Aids for the Blind
Probably the simplest gadget you can build for a blind friend or relative is a light probe that produces a sound when a photodetector is illuminated. Light probes date from 1912 when British scientist Fournier d’Albe built a device he called the “Exploring Octophone.” It employed a selenium cell in a Wheatstone bridge and generated a musical tone as light intensity was varied.
You can build an updated version of d’Albe’s light probe(Fig. 1). This circuit, which I described in a previous article(“Build a Light Probe,” POPULAR ELECTRONICS, March 1973, pp. 42-43), can be easily installed in an aluminum or plastic cigar tube (Fig. 2).
The circuit is a two-transistor regenerative amplifier. Its frequency of oscillation depends on the amount of light striking the sensitive surface of the cadmium-sulfide photocell.

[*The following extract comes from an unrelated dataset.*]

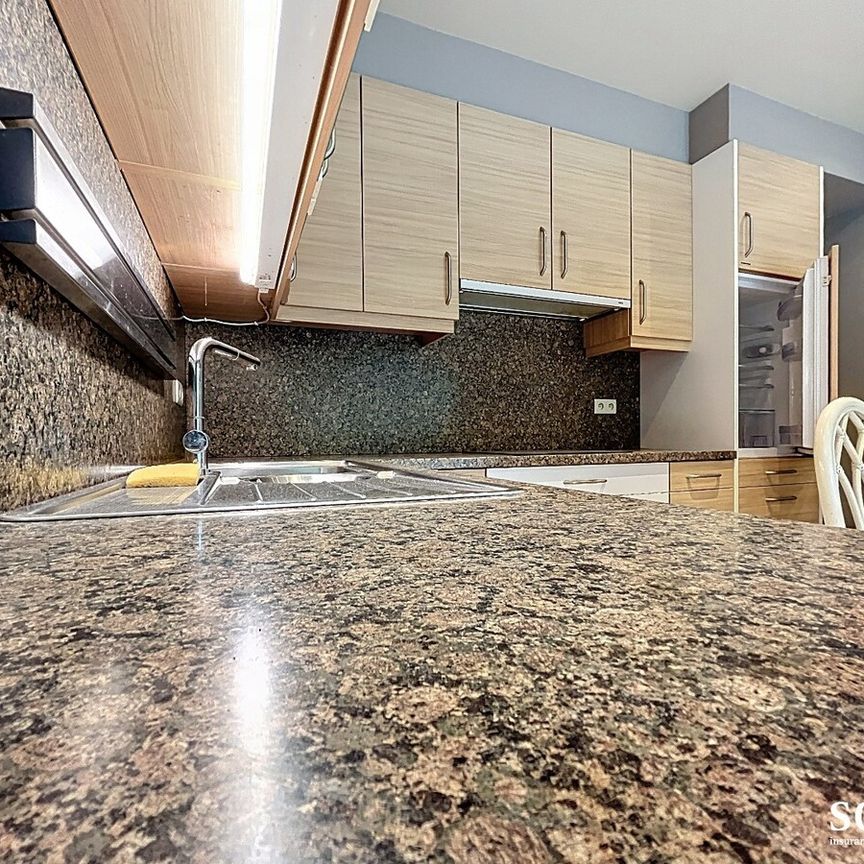 Prachtige openbebouwing in doodlopende straat nabij centrum Aalter - Foto 1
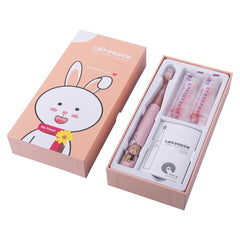 Cepillo Dental Electrico Estampado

Audio output is supplied by a crystal earphone that serves as a miniature speaker. The volume is sufficiently high so that the user can hear the tone, but it is not so loud as to distract nearby persons.
The probe can be made much smaller than the unit shown in Fig. 2. Several years ago, I built a probe, complete with mercury button cell and hearing-aid receiver, into a small plastic tube measuring about 3/8" x 1”. This was made possible by the tiny but surprisingly effective hearing-aid receiver unit I used in its construction. I intended to attach the probe to a key chain but, because of its small size, I promptly misplaced it.
There are many ways to make circuits which produce a tone whose frequency is dependent upon light. Figure 3, for example, is an IC version designed around the readily avail able, inexpensive 555 timer. This circuit is very sensitive and can be adjusted to provide various frequency ranges and threshold levels, but it consumes more current than the circuit shown in Fig. 1.
An important advantage of the circuit in Fig. 3 is that it can provide more drive current to a small speaker or other transducer than the transistor Circuit. This may prove a significant advantage to blind people with a hearing problem, a not uncommon combination among older individuals.
Still another light probe circuit is shown in Fig. 4. This circuit uses the amazingly versatile LM3909 LED flasher chip as a light-controlled audio oscillator.
Light probes have many practical applications. Blind telephone operators have used them to find illuminated indicator lights on a switchboard. Such probes can also be used to deter mine if room lights are on or off, whether or not appliances with pilot lights are on, and to find color changes on clothing and wall surfaces.
Another simple but very useful aid for blind people is a liquid-level indicator. A blind person usually determines when a cup or glass has been filled by keeping a finger tip inside the rim of the container while pouring the liquid. This procedure can be uncomfortable if the beverage is hot and can be unseemly if sighted guests are being served.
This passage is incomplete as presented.